» **Data provided**
====

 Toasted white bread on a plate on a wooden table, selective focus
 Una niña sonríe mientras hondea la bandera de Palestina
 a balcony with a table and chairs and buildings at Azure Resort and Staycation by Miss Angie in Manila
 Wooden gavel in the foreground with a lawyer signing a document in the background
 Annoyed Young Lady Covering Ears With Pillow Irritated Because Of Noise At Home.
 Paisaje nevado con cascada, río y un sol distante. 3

====

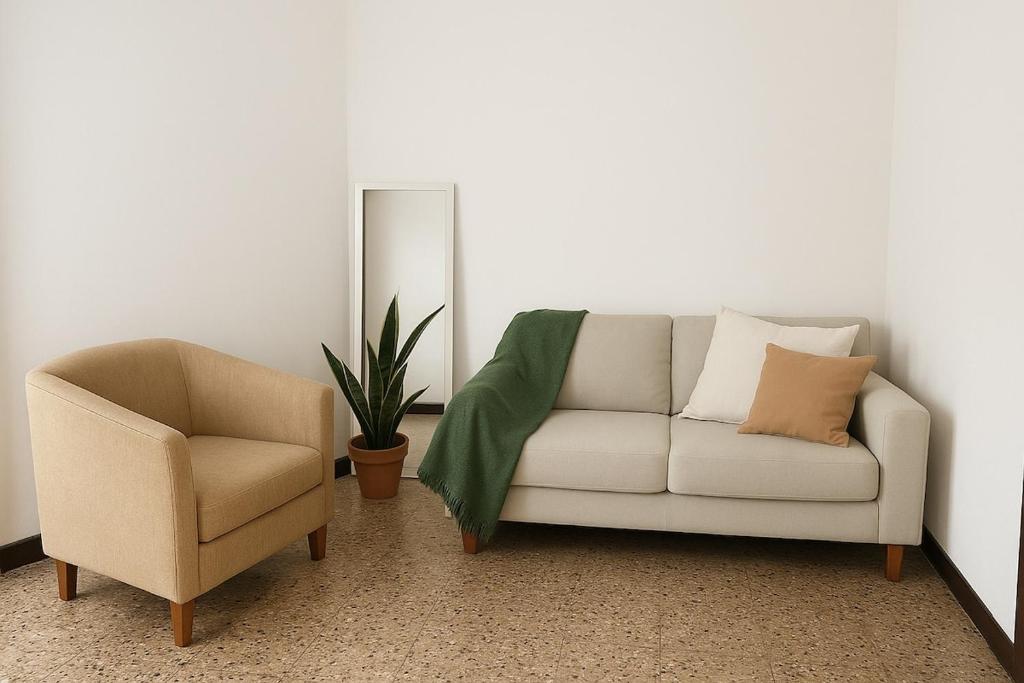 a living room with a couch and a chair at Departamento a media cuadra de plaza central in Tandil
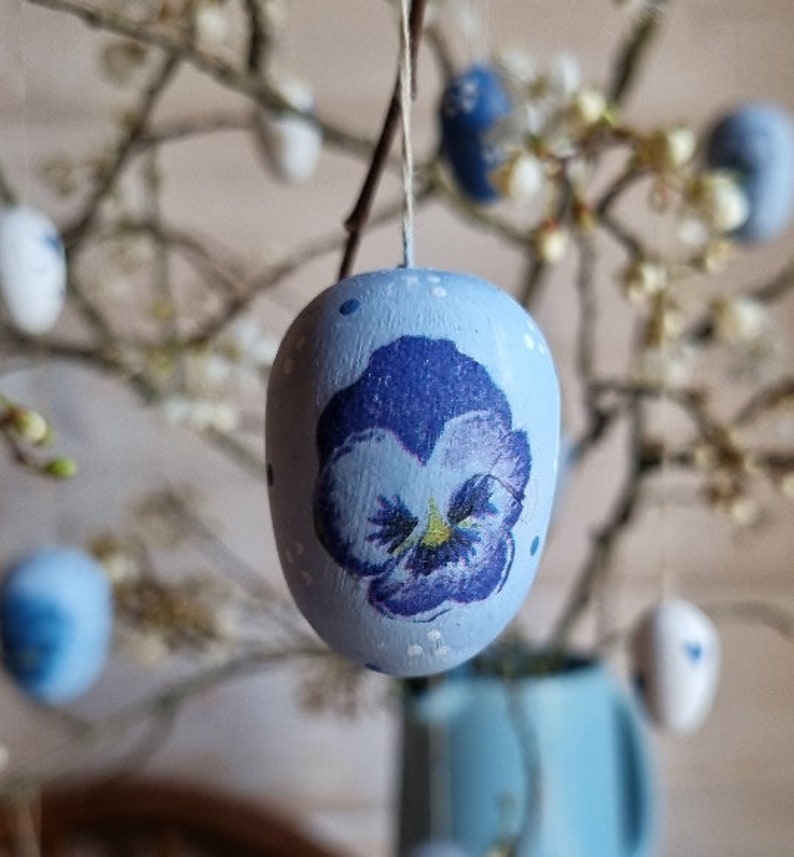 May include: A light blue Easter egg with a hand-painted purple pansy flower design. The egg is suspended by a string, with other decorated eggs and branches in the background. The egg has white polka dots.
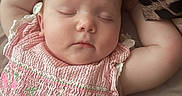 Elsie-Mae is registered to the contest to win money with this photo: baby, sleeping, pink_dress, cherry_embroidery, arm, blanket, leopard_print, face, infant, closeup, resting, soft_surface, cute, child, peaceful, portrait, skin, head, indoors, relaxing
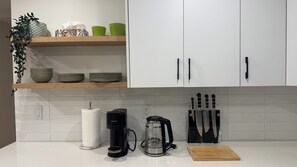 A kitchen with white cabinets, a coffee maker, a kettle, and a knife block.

====

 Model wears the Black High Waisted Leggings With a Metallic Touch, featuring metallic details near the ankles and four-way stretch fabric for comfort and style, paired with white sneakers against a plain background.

====

» **Problem statement**
Lines containing the string "table" above: how many are there? Answer with the number only.

» **Reply**
2